▶ [INSTRUCTIONS FOR THE TASK]:
In the entries below, which lines run from the one containing "Girl holding heart-shaped" to the one containing "istock Yellow light"? Copy exactly those lines, ends included, and no others.

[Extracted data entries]
[Start of Attachment]
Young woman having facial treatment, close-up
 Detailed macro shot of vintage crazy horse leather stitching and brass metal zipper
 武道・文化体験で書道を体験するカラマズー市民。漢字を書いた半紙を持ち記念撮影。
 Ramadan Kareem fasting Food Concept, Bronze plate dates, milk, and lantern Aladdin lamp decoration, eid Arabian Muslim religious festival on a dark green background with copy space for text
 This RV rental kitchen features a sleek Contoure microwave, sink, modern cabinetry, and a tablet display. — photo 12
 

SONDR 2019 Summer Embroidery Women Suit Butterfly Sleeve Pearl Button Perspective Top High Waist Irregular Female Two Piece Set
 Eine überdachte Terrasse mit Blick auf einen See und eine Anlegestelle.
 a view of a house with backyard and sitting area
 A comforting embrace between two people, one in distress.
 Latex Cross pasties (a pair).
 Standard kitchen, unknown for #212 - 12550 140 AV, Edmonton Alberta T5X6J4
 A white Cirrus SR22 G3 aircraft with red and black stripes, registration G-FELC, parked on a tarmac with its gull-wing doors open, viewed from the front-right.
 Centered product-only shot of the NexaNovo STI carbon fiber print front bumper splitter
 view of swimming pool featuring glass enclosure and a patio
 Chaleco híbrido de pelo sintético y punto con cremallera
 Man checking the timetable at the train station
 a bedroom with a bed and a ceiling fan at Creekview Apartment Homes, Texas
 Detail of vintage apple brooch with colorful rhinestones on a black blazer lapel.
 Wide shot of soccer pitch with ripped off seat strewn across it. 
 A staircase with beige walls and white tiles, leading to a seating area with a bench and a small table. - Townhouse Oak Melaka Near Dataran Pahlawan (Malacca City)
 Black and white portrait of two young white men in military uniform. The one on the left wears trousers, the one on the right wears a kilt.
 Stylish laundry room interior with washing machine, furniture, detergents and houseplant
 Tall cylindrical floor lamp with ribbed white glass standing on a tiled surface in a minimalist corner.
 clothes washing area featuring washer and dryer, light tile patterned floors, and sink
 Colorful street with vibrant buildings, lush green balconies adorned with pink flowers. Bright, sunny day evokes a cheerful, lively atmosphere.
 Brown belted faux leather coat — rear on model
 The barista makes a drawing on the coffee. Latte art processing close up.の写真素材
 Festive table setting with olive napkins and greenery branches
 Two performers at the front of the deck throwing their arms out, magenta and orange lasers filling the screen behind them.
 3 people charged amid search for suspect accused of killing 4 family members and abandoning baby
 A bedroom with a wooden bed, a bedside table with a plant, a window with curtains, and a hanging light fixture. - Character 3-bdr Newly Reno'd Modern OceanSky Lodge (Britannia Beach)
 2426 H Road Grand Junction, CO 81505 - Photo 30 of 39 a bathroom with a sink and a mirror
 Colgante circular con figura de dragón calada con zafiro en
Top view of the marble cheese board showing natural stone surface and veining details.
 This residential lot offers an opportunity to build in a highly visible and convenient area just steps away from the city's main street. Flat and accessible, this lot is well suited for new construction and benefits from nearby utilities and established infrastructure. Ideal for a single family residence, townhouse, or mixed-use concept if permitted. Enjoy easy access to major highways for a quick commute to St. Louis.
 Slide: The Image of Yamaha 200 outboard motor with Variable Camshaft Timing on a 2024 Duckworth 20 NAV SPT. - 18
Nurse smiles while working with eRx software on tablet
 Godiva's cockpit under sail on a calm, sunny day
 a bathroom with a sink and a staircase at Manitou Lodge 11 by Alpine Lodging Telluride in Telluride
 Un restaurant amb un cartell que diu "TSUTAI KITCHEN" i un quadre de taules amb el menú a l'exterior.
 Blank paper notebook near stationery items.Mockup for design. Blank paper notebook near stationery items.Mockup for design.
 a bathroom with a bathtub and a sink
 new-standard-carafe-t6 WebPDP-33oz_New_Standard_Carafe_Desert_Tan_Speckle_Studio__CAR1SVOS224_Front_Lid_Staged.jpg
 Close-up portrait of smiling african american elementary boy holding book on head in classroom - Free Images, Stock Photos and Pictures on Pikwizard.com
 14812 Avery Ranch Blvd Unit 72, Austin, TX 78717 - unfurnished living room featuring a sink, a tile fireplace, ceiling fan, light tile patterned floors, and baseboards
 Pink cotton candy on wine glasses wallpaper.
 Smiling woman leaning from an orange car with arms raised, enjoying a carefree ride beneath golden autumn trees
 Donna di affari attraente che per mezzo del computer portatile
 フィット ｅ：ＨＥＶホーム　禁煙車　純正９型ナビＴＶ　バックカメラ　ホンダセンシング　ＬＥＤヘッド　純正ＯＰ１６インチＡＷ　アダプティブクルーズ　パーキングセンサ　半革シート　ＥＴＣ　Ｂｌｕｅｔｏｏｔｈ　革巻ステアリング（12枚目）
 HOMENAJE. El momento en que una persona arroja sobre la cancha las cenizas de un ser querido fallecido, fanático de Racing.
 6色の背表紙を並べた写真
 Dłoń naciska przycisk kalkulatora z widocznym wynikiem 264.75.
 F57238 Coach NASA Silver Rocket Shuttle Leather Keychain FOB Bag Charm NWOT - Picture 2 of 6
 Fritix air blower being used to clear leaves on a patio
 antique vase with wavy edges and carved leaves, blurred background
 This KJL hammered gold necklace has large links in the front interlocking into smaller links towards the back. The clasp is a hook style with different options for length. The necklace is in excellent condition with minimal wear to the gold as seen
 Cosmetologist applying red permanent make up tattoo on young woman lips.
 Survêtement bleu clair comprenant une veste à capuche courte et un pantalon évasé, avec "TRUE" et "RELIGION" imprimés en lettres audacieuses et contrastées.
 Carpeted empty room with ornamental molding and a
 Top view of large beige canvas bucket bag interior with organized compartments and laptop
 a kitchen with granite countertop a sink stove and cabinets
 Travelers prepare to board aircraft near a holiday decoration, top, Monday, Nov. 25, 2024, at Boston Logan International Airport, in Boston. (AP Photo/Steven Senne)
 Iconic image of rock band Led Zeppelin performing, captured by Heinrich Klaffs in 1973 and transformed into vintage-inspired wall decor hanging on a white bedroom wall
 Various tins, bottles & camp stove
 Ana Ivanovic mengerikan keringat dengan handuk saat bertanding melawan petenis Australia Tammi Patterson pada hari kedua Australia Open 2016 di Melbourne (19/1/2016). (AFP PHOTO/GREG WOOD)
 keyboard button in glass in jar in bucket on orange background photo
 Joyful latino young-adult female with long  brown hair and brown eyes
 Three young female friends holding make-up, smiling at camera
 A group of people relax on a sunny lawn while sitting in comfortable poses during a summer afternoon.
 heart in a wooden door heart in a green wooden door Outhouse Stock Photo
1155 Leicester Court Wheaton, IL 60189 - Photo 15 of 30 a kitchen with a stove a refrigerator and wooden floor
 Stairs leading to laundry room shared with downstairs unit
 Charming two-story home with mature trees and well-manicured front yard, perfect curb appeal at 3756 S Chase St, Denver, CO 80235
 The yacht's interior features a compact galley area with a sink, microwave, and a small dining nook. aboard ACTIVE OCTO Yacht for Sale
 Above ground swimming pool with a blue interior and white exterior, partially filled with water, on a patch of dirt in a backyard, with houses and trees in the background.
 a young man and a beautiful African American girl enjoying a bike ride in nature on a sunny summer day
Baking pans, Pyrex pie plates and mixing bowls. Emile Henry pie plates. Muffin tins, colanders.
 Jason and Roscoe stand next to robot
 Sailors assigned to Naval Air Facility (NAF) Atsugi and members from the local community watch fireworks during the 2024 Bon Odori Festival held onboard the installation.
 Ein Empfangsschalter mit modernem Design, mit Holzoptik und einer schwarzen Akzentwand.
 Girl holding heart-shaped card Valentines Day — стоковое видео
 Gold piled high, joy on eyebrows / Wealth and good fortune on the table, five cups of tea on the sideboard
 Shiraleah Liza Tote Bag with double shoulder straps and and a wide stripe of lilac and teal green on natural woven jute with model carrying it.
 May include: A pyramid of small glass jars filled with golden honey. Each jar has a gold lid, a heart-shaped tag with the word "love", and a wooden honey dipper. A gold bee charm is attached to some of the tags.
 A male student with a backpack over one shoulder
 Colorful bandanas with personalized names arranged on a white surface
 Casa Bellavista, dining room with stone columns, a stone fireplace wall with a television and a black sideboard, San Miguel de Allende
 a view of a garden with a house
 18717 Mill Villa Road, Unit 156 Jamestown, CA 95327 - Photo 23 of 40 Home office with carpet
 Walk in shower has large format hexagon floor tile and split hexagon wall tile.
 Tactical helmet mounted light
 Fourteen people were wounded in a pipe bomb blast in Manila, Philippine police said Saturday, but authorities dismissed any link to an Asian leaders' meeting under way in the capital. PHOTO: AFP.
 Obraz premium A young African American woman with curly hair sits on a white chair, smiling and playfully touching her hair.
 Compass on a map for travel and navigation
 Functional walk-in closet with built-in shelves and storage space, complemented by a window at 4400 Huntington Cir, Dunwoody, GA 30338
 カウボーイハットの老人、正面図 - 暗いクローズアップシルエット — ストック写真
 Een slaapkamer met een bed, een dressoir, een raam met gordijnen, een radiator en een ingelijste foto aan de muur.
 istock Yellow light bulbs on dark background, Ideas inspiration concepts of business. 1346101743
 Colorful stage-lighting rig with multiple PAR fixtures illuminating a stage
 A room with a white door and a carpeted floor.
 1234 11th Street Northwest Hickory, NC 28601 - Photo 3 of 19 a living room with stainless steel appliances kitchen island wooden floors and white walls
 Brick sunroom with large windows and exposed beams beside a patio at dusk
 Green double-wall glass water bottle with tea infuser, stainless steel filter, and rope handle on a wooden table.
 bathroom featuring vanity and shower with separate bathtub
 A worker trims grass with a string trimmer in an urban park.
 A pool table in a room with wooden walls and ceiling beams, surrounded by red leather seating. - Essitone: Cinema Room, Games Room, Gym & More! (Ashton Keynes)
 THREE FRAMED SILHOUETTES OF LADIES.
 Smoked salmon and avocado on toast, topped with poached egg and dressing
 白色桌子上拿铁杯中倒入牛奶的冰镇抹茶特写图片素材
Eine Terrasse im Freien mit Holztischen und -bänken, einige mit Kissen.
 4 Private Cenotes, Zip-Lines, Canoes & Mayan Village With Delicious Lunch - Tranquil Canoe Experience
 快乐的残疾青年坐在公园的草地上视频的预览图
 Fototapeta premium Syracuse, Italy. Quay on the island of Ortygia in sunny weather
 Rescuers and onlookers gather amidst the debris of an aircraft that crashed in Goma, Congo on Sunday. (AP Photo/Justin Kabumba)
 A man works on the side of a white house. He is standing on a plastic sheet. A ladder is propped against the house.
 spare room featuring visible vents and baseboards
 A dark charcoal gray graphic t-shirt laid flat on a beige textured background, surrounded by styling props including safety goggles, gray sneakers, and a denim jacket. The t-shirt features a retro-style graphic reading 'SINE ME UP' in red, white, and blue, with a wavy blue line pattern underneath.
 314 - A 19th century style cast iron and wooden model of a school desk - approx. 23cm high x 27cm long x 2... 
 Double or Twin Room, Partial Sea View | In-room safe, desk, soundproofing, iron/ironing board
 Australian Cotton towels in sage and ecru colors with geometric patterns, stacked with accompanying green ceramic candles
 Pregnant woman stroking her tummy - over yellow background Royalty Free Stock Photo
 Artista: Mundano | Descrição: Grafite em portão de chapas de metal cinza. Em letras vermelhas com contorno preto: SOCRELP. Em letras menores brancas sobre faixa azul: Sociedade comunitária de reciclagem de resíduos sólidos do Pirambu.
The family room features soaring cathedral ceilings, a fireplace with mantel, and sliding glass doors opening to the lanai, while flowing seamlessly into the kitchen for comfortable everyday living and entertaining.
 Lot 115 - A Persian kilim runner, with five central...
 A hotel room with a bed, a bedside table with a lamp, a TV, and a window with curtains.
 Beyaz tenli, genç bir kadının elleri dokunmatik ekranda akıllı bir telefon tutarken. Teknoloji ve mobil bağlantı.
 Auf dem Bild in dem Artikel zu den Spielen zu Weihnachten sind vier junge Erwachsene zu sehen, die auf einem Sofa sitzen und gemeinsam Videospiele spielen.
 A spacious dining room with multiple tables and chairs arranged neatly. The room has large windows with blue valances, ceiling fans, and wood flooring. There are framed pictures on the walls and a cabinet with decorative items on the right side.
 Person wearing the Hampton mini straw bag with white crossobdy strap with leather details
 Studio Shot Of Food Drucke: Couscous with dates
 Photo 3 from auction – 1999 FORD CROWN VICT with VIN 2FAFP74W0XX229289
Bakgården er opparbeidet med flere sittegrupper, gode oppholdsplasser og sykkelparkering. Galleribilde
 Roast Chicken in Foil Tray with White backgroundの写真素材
[End of Attachment]
▶ [ANSWER BOX]:
 Girl holding heart-shaped card Valentines Day — стоковое видео
 Gold piled high, joy on eyebrows / Wealth and good fortune on the table, five cups of tea on the sideboard
 Shiraleah Liza Tote Bag with double shoulder straps and and a wide stripe of lilac and teal green on natural woven jute with model carrying it.
 May include: A pyramid of small glass jars filled with golden honey. Each jar has a gold lid, a heart-shaped tag with the word "love", and a wooden honey dipper. A gold bee charm is attached to some of the tags.
 A male student with a backpack over one shoulder
 Colorful bandanas with personalized names arranged on a white surface
 Casa Bellavista, dining room with stone columns, a stone fireplace wall with a television and a black sideboard, San Miguel de Allende
 a view of a garden with a house
 18717 Mill Villa Road, Unit 156 Jamestown, CA 95327 - Photo 23 of 40 Home office with carpet
 Walk in shower has large format hexagon floor tile and split hexagon wall tile.
 Tactical helmet mounted light
 Fourteen people were wounded in a pipe bomb blast in Manila, Philippine police said Saturday, but authorities dismissed any link to an Asian leaders' meeting under way in the capital. PHOTO: AFP.
 Obraz premium A young African American woman with curly hair sits on a white chair, smiling and playfully touching her hair.
 Compass on a map for travel and navigation
 Functional walk-in closet with built-in shelves and storage space, complemented by a window at 4400 Huntington Cir, Dunwoody, GA 30338
 カウボーイハットの老人、正面図 - 暗いクローズアップシルエット — ストック写真
 Een slaapkamer met een bed, een dressoir, een raam met gordijnen, een radiator en een ingelijste foto aan de muur.
 istock Yellow light bulbs on dark background, Ideas inspiration concepts of business. 1346101743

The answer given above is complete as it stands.